• **Assigned task**
Return exactly the run of lines that begins at the line containing "Volunteer Firefighter Fire Dept Logo T-Shirt" and ends at the last line of the material below; pictures stay out.

• **Given information**
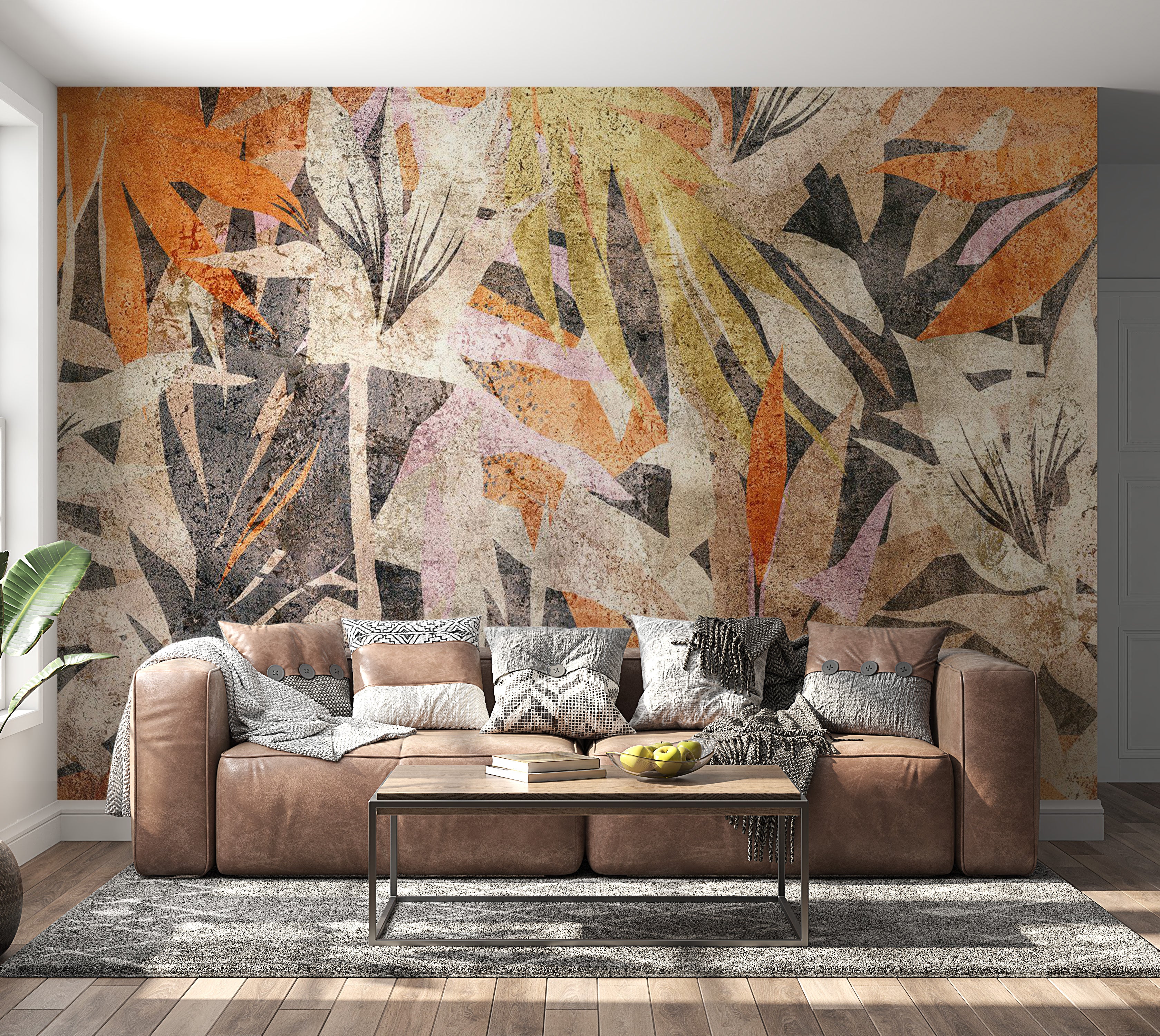 Peel & Stick Abstract Wall Mural - Scattered Colors 38"Wx27"H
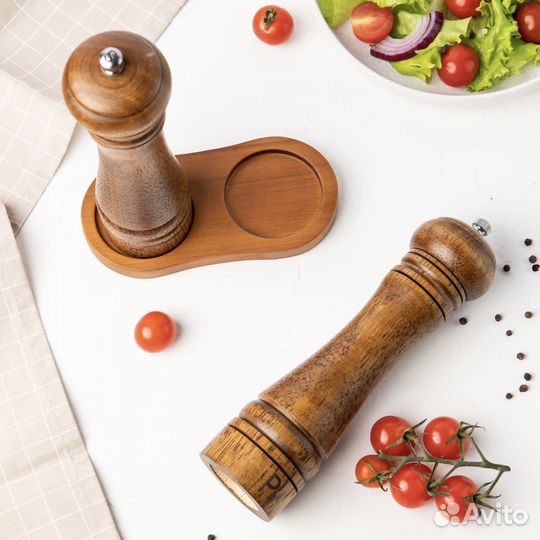 Мельница для специй ручная дерево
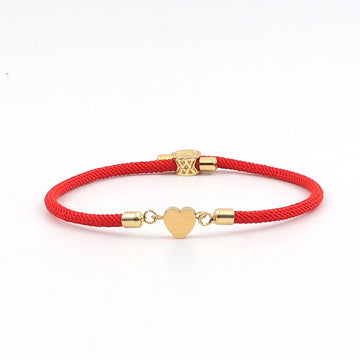 Brazalete ajustable de corazón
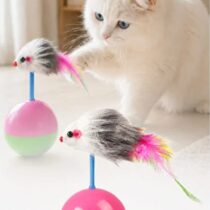 Hacı Yatmaz Kedi Oyuncağı Fareli 10'lu Kutu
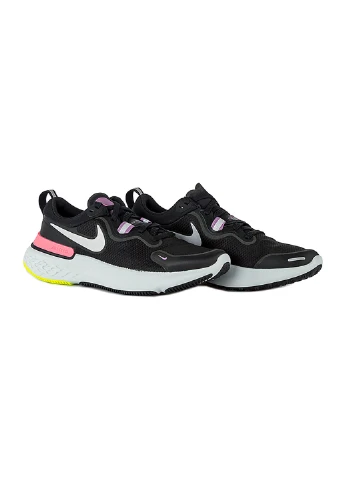 Кросівки REACT MILER Nike чорні демісезони (256006282)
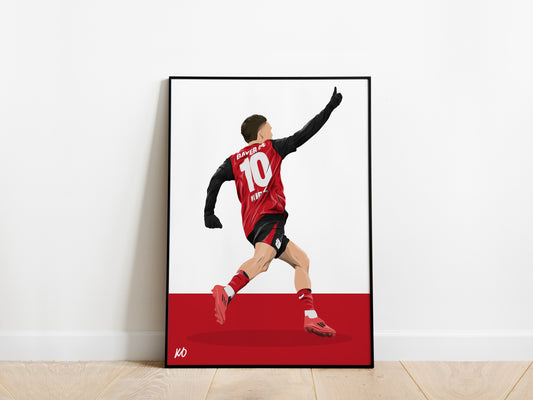 Florian Wirtz Bayer Leverkusen Poster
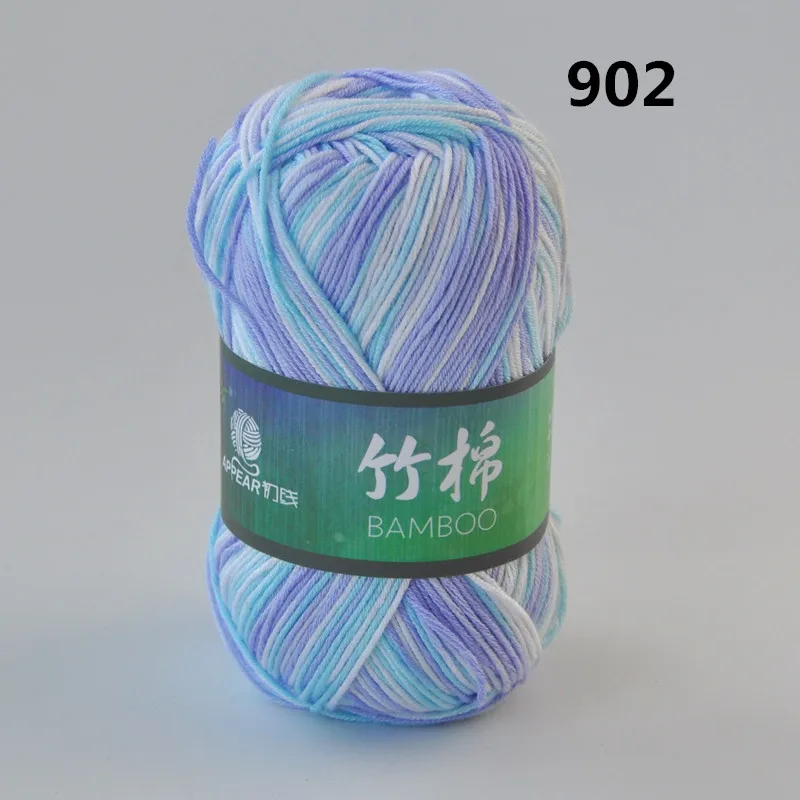 Бесплатная доставка 500 г (50 * 10 шт.) Мягкая гладкая Бамбуковая пряжа хлопковая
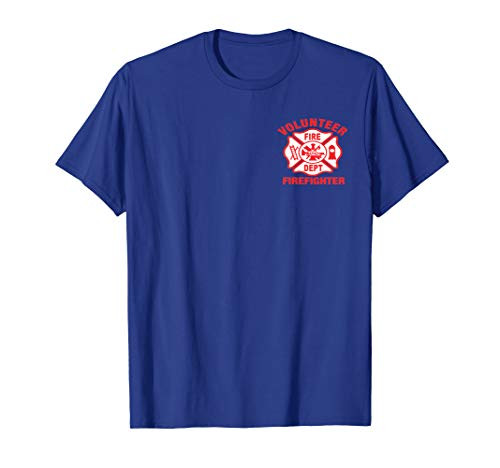 Volunteer Firefighter Fire Dept Logo T-Shirt
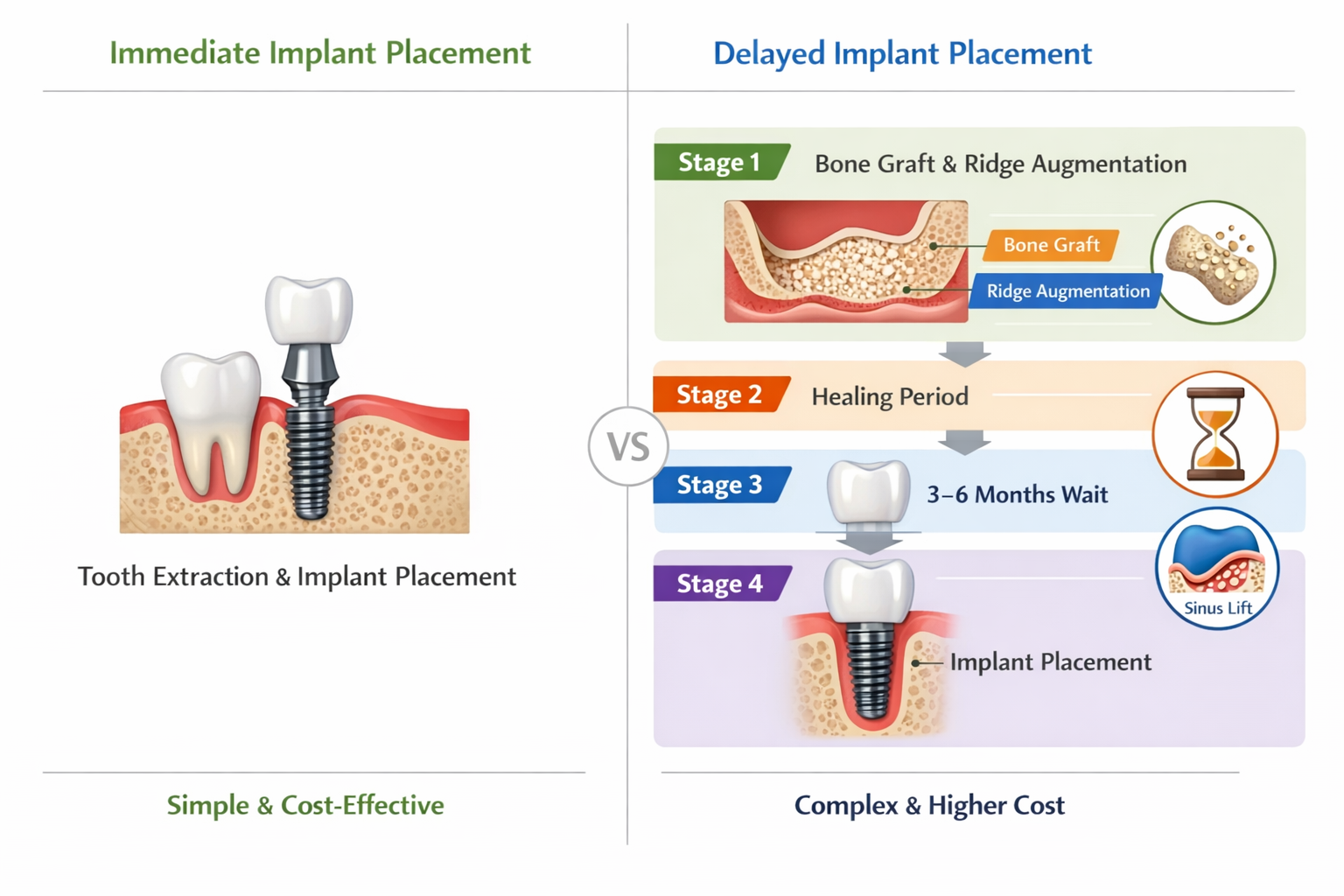 What happens if I wait too long after tooth extraction to get an implant?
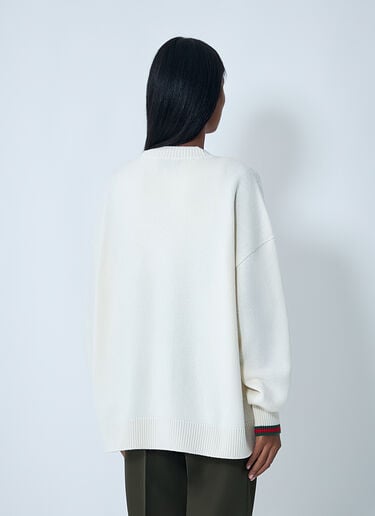 Gucci Web Trim Cardigan Beige guc0261119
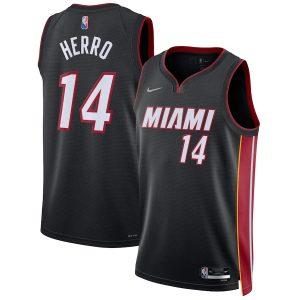 Maillot Swingman Miami Heat #14 Tyler Herro édition 75e anniversaire 2021-22 – Noir Noir 331240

• **Solved exercise**
 Volunteer Firefighter Fire Dept Logo T-Shirt
 What happens if I wait too long after tooth extraction to get an implant?
 Gucci Web Trim Cardigan Beige guc0261119
 Maillot Swingman Miami Heat #14 Tyler Herro édition 75e anniversaire 2021-22 – Noir Noir 331240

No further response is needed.